However, justice secretary Robert Buckland appeared to strike a more conciliatory note, saying that the submission to the pay review body was only the “beginning of a process”. He told BBC Breakfast:
The final recommendations have not yet been made.
We have got to remember that in large other swathes of the public sector there will be a pay freeze save for the lowest paid. I don’t think at the moment we are at the end of this process.
I think that we need to see what the recommendations are, and I very much hope that the outcome – whilst it might not be an outcome in these difficult circumstances that will result in pay rises that everybody would want to see – that the work that has been done by NHS workers will be recognised in a way that is appropriate, bearing in mind the constraints we are all under.
It is not for me to start to prejudge what the outcome of the negotiations is. I am simply pointing out that we are at the beginning of that process and we will have to see what the recommendations are.
“Slap in the face”
The proposed 1% pay rise has been accused of going back on a previously negotiated deal.
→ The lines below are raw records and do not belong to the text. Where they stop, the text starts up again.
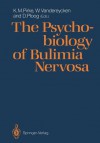 The Psychobiology Of Bulimia Nervosa - Karl M. Pirke, Walter Vandereycken, Detlev Ploog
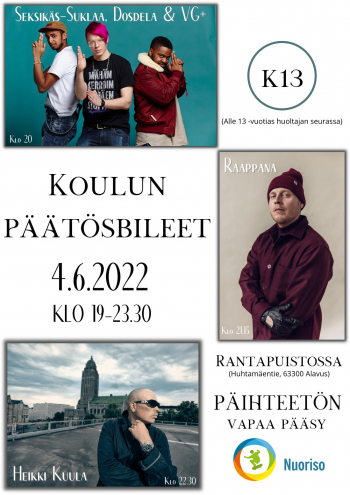 Koulun päätösbileet lauantaina 4.6.2022 klo 19.00-23.30 Alavuden Rantapuistossa Koulun päätösbileet lauantaina 4.6.2022 klo 19.00-23.30 Alavuden Rantapuistossa
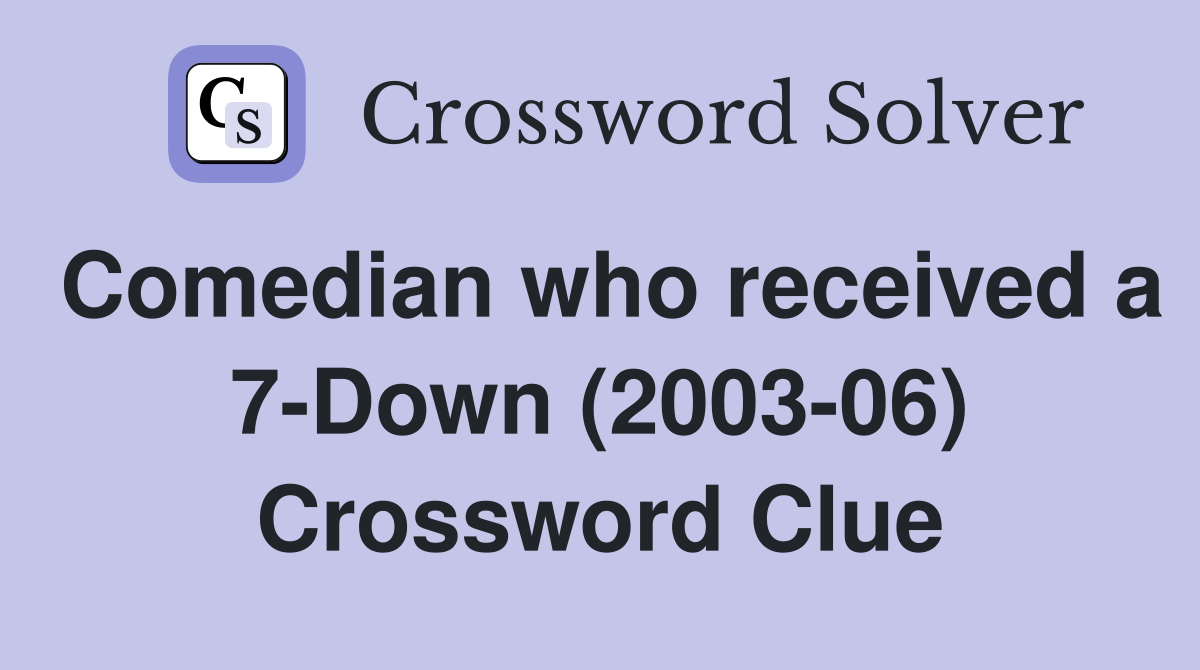 Comedian who received a 7-Down (2003-06) Crossword Clue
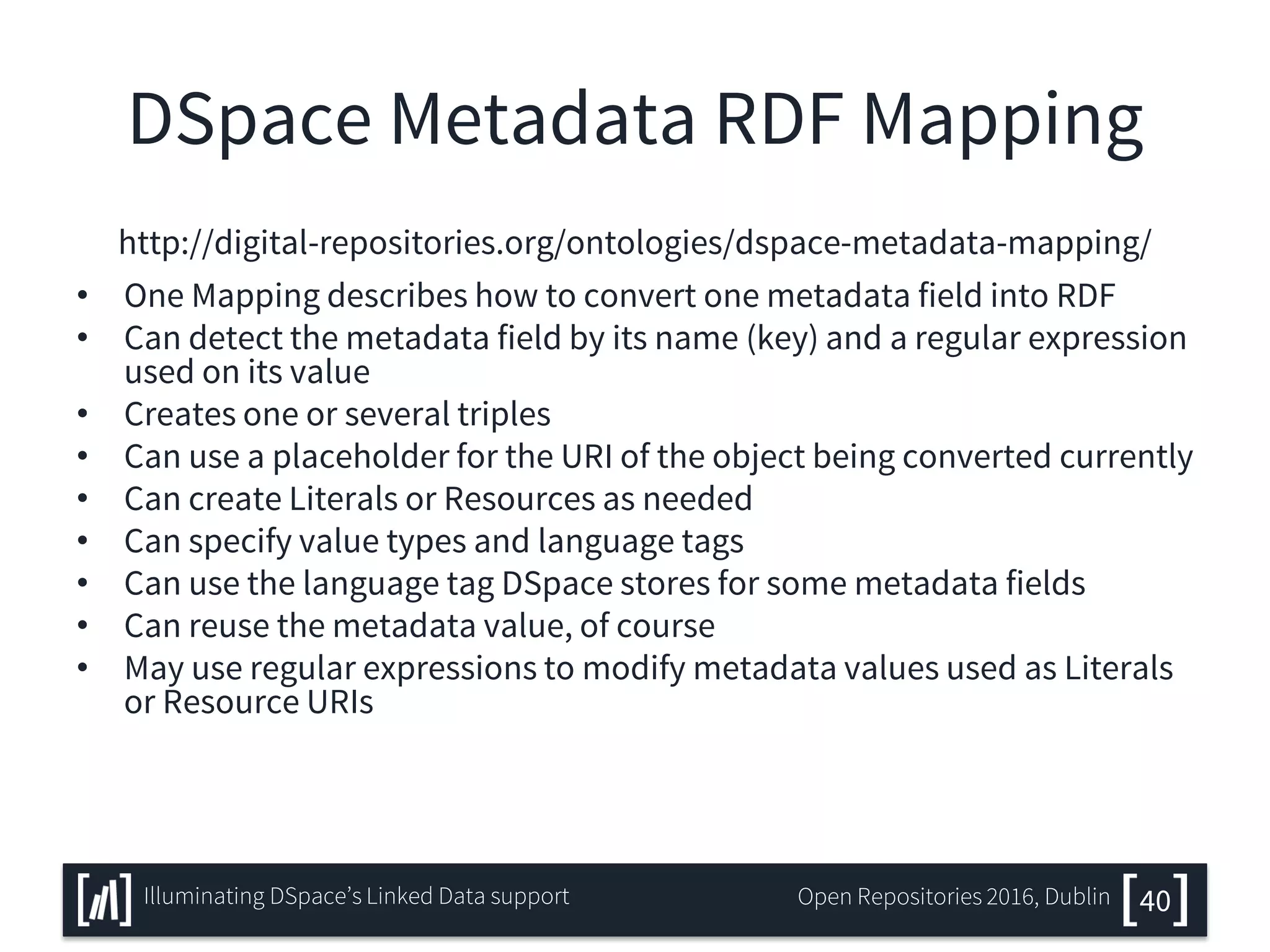 DSpace Metadata RDF Mapping
http://digital-repositories.org/ontologies/dspace-metadata-mapping/
• One Mapping describes how to convert one metadata field into RDF
• Can detect the metadata field by its name (key) and a regular expression
used on its value
• Creates one or several triples
• Can use a placeholder for the URI of the object being converted currently
• Can create Literals or Resources as needed
• Can specify value types and language tags
• Can use the language tag DSpace stores for some metadata fields
• Can reuse the metadata value, of course
• May use regular expressions to modify metadata values used as Literals
or Resource URIs
40Illuminating DSpace’s Linked Data support Open Repositories 2016, Dublin
 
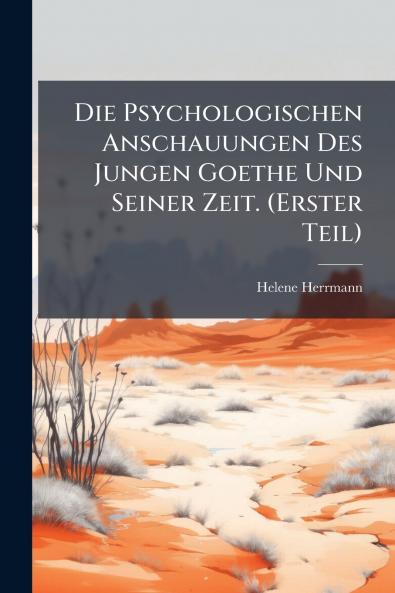 Die Psychologischen Anschauungen Des Jungen Goethe Und Seiner Zeit. (Erster Teil)
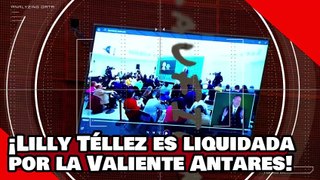 ¡VEAN! ¡La loca Lilly Téllez es liquidada por la valiente Antares por burlarse del presidente AMLO!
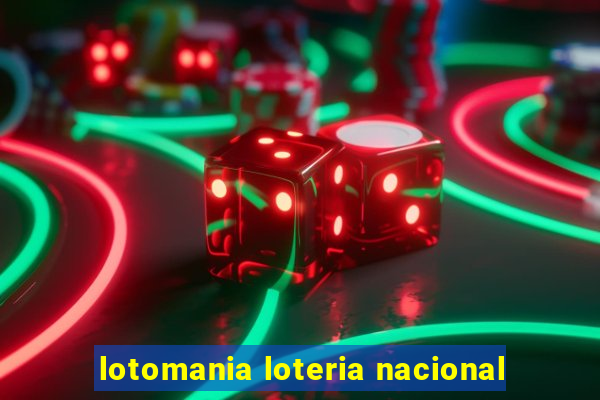 lotomania loteria nacional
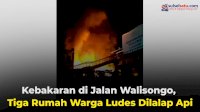 VIDEO: Kebakaran di Jalan Walisongo, Tiga Rumah Warga Ludes Dilalap Api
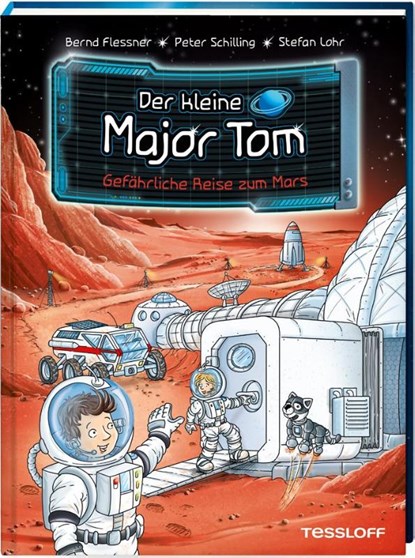 Der kleine Major Tom, Band 5: Gefährliche Reise zum Mars, Bernd Flessner ; Peter Schilling - Gebonden - 9783788640057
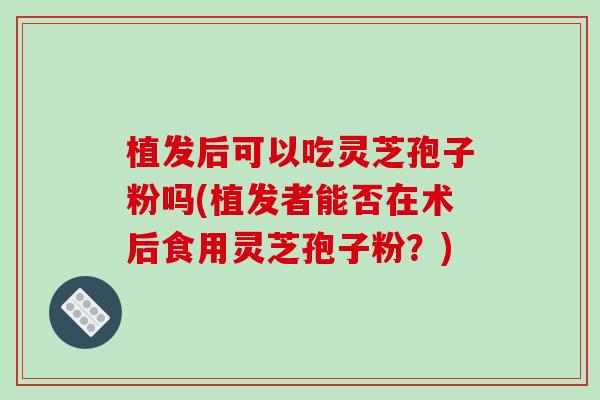 植发后可以吃灵芝孢子粉吗(植发者能否在术后食用灵芝孢子粉?) 植发后可以吃灵芝孢子粉吗(植发者能否在术后食用灵芝孢子粉?)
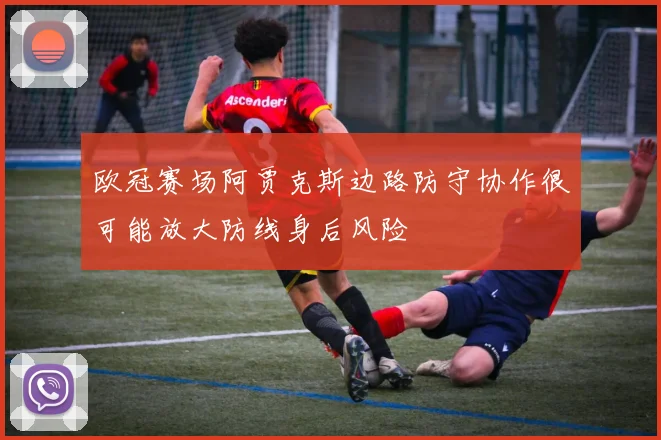 欧冠赛场阿贾克斯边路防守协作很可能放大防线身后风险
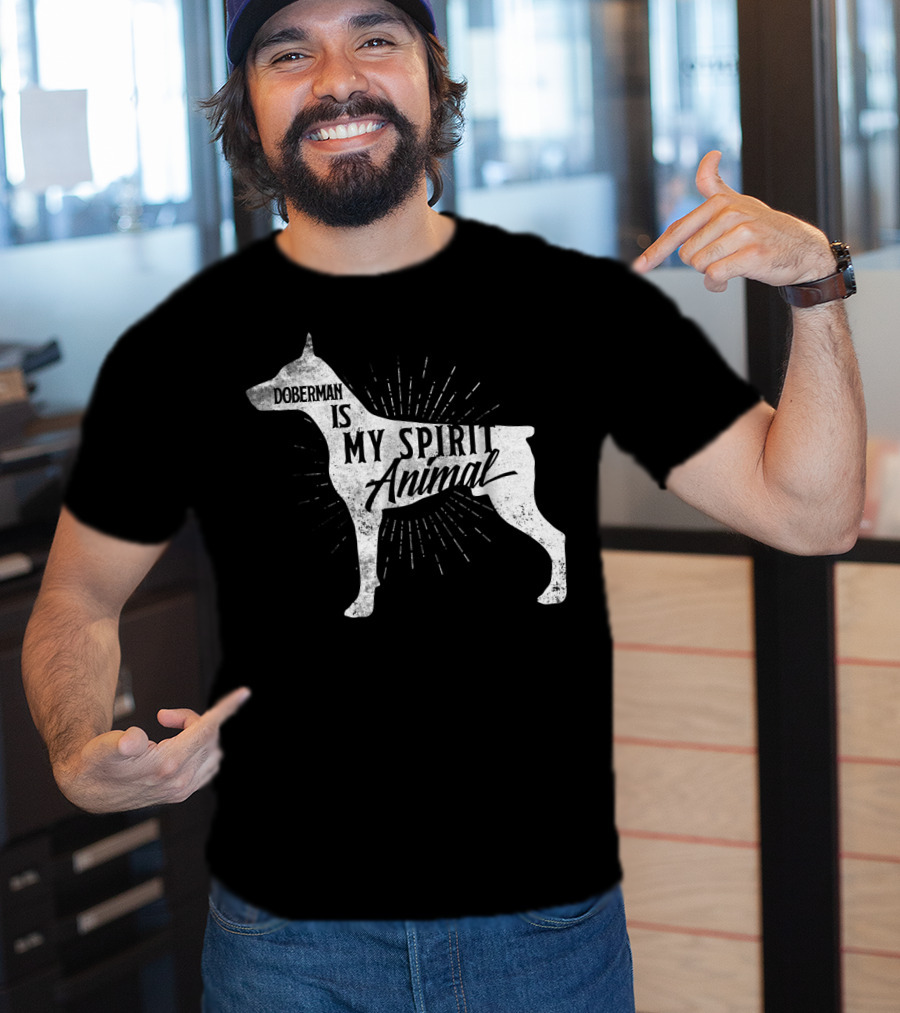 Doberman Is My Spirit Animal T-Shirt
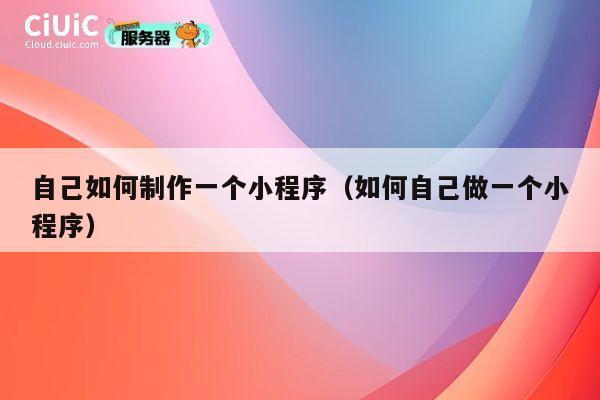自己如何制作一个小程序（如何自己做一个小程序） 第1张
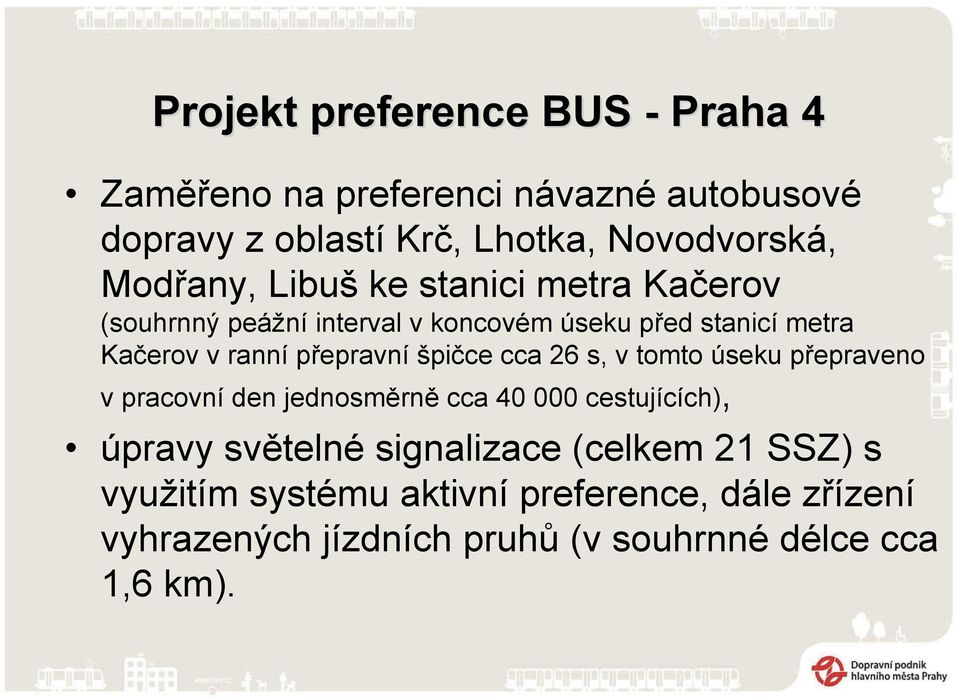 přepravní špičce cca 26 s, v tomto úseku přepraveno v pracovní den jednosměrně cca 40 000 cestujících), úpravy světelné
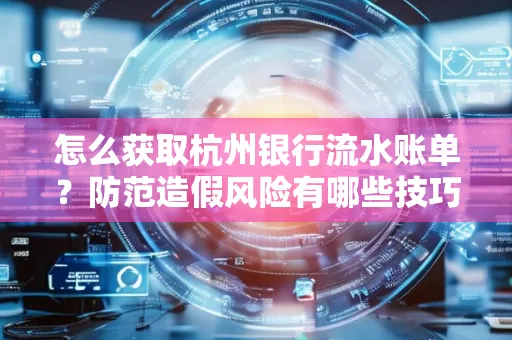 怎么获取杭州银行流水账单?防范造假风险有哪些技巧?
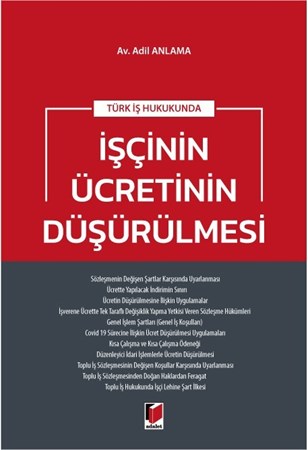 Türk İş Hukukunda İşçinin Ücretinin Düşürülmesi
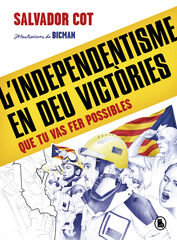 L'independentisme en deu victòries (que tu vas fer possibles) L'independentisme en deu victòries (que tu vas fer possibles)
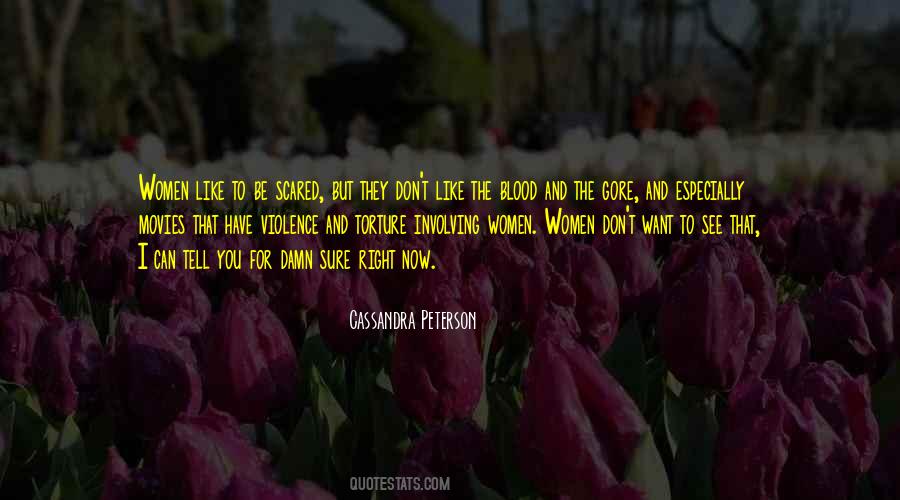 Quotes About Blood And Gore #1785467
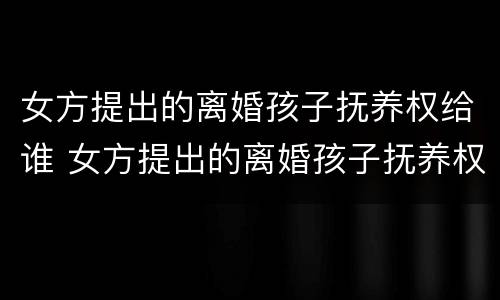 女方提出的离婚孩子抚养权给谁 女方提出的离婚孩子抚养权给谁了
It’s also been argued that due to it being below inflation an increase of 1% will ultimately constitute a pay cut.
Patricia Marquis, the Royal College of Nursing’s South East regional director, told Times Radio:
We know there are significant numbers who are planning to leave and this slap in the face from the Government really has just reinforced their belief that they are not valued by either the Government or perhaps some of the public in the way they would want to be.